大日本除虫菊の「蚊がいなくなるスプレー」(左)とアース製薬の「おすだけノーマット」=16日、東京都中央区 スプレー式蚊取り製品の特許権を侵害されたとして、金鳥ブランドで知られる大日本除虫菊(大阪市)がアース製薬(東京都千代田区)に製造差し止めや損害賠償を求めた訴訟の判決が17日、東京地裁であった。高橋彩裁判長は「特許の範囲が不明確で、無効にされるべきだ」と述べ、請求を棄却した。
判決などによると、「蚊がいなくなるスプレー」シリーズを販売する大日本除虫菊は、薬剤が壁や天井に付着し続ける「付着性粒子」によって防除効果を保つ技術を発明。2022年に関連特許を取得した。
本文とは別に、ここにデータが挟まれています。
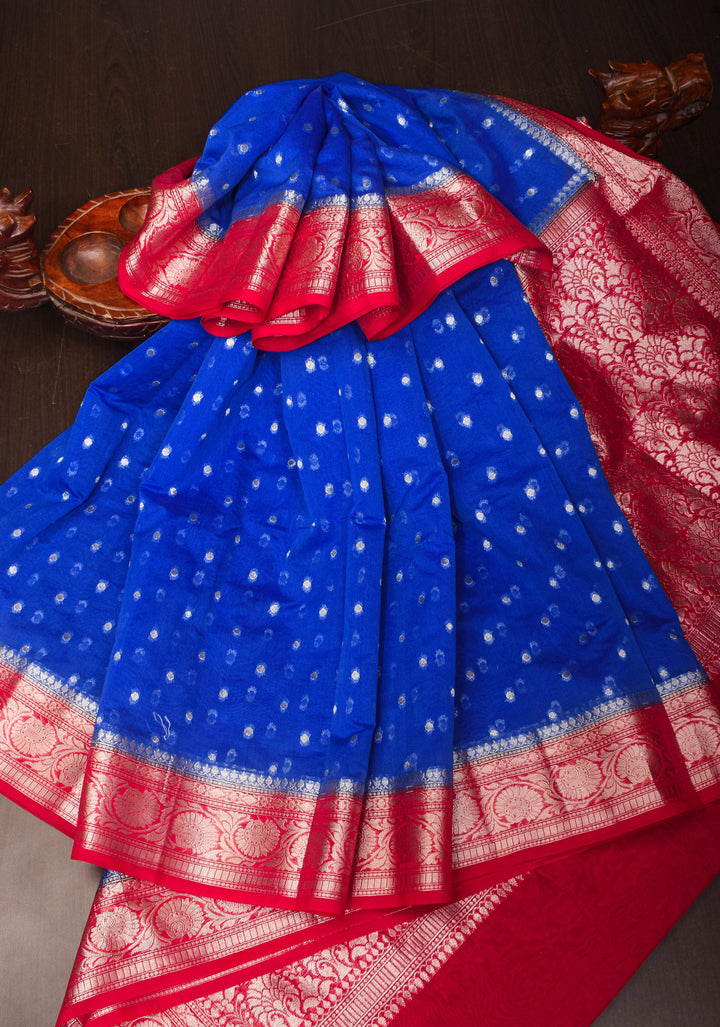 Cobalt Blue Mercerized Cotton Saree with Zari Buttas and Red Contrast Border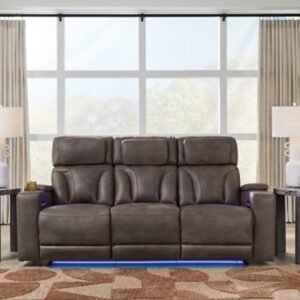 Warrior Peak Dual Power Reclining Sofa, Umber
アース製薬が販売する「おすだけノーマット」の9製品が特許権を侵害しているとして提訴した。
高橋裁判長は、「付着性粒子」の意味の明確性を検討。特許には、付着の程度について具体的な記述がなく、確認する試験方法も載っていないことから、「特許の範囲の記載が第三者に不測の不利益を及ぼすほどに不明確だ」と判断し、特許庁の無効審判で無効にされるべきだと結論付けた。
大日本除虫菊は「残念な判決。準備が整い次第、知財高裁に控訴する」とコメント。アース製薬は「正当性が認められ、公正な判断がなされた」とした。